The Atlantic on QS

I was interviewed by Rose Eveleth about self tracking as a woman, for The Atlantic. This was one of my favorite articles I've ever been interviewed in, because it is long and hilarious and she interviews a laundry list of amazing women.

Definitely give it a read!

For the record, here's what I said on the topic:

When Amelia Greenhall moved to San Francisco from Seattle, she looked for a Quantified Self meet-up. She had been active in the Seattle QS community, and quickly found the corresponding group in San Francisco. Soon, she was organizing the Bay Area meetings herself. But while she enjoyed the community there, something was missing.

“After each one, women would come up to me and say, ‘I wish we could talk about periods or fertility or dating or anything that wasn’t getting talked about.’ It just felt like there was a lot getting left out,” she said.
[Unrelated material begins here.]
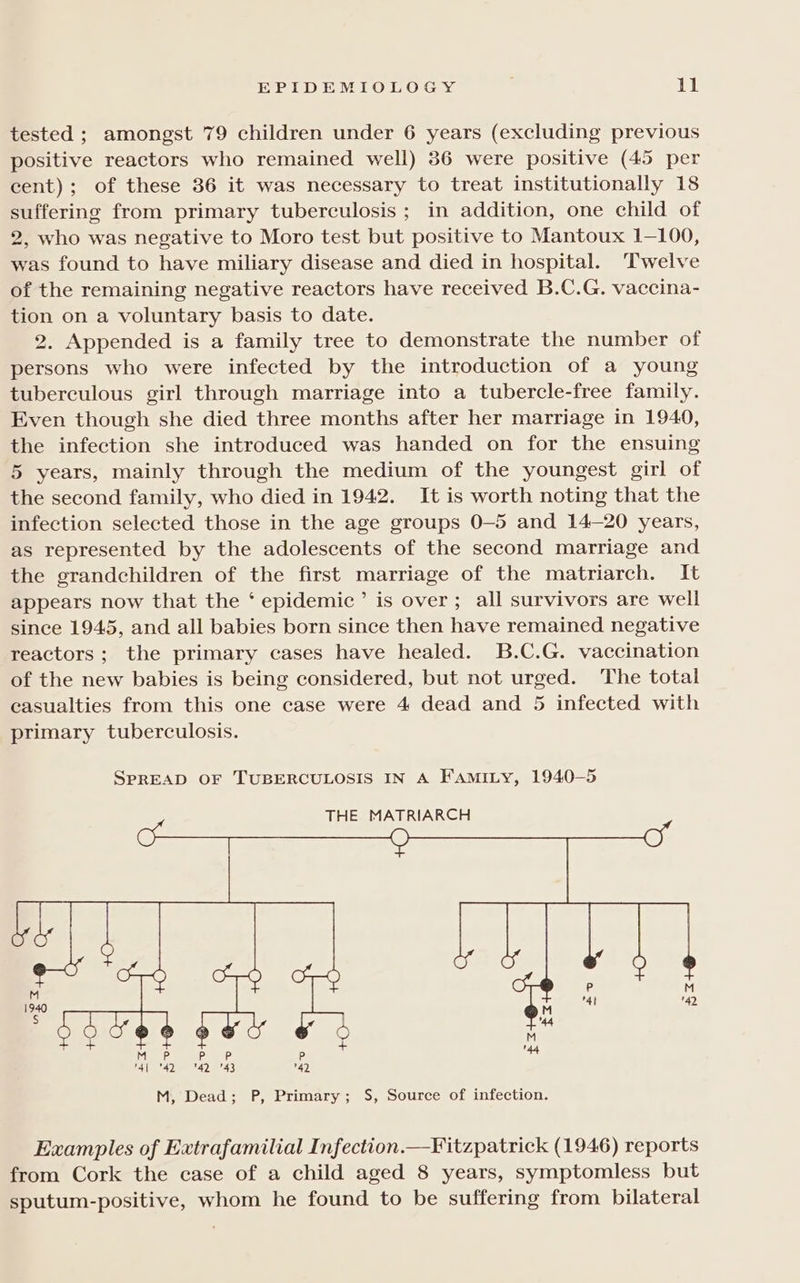 tested ; amongst 79 children under 6 years (excluding previous positive reactors who remained well) 86 were positive (45 per cent); of these 36 it was necessary to treat institutionally 18 suffering from primary tuberculosis ; in addition, one child of 2, who was negative to Moro test but positive to Mantoux 1-100, was found to have miliary disease and died in hospital. ‘Twelve of the remaining negative reactors have received B.C.G. vaccina- tion on a voluntary basis to date. 2. Appended is a family tree to demonstrate the number of persons who were infected by the introduction of a young tuberculous girl through marriage into a tubercle-free family. Even though she died three months after her marriage in 1940, the infection she introduced was handed on for the ensuing 5 years, mainly through the medium of the youngest girl of the second family, who died in 1942. It is worth noting that the infection selected those in the age groups 0-5 and 1420 years, as represented by the adolescents of the second marriage and the grandchildren of the first marriage of the matriarch. It appears now that the ‘ epidemic’ is over; all survivors are well since 1945, and all babies born since then have remained negative reactors ; the primary cases have healed. B.C.G. vaccination of the new babies is being considered, but not urged. The total casualties from this one case were 4 dead and 5 infected with primary tuberculosis. SPREAD OF TUBERCULOSIS IN A FAMILY, 1940-5 THE MATRIARCH OC O SG FT 4 M M P Pp P P 4) 42 142 143 42 M, Dead; P, Primary; S, Source of infection. Examples of Extrafamilial Infection.—Fitzpatrick (1946) reports from Cork the case of a child aged 8 years, symptomless but sputum-positive, whom he found to be suffering from bilateral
And the meetings, set in the belly of the Silicon Valley beast, felt like tech meetings. “It was just kind of like a microcosm of the tech world where dudes are willing to speak about the most boring trivial stuff as if it’s the best invention ever, and these women would have these really cool things and they’re like, ‘Oh I don’t know if anybody would be interested.’” So Greenhall started the first ever QSXX meet up—a space for women to showcase their QS projects, talk about what worked for them, and find a smaller community within the larger group.

Soon, QSXX groups popped up in Boston and New York City. “The conversations seemed more real and more interesting and we were talking about the problems with devices and apps and it turned out much as I was hoping,” said Greenhall. Maggie Delano started one in Boston, after having a conversation with another woman about the differences in what some women want to track. “We were talking about how the kinds of things that women need to track are really different, and things can change a lot more throughout the month than they might for other people,” she said. The women who attend these meet-ups discuss what they want to track, present their projects, and form bonds within the smaller community that some say they couldn’t quite forge at the bigger meet-ups.

But you should read the whole article or you'll miss out on learning about apps like "iThrust and Sex Stamina Tester and Sex Counter Tease" (yes, for real!) and the best quote of the article, when engineer Heather Rivers talks about how most manmade apps approach period tracking:

‘We men don’t like to be blindsided by your hormonal impulses so we need to track you, like you’re a parking meter.’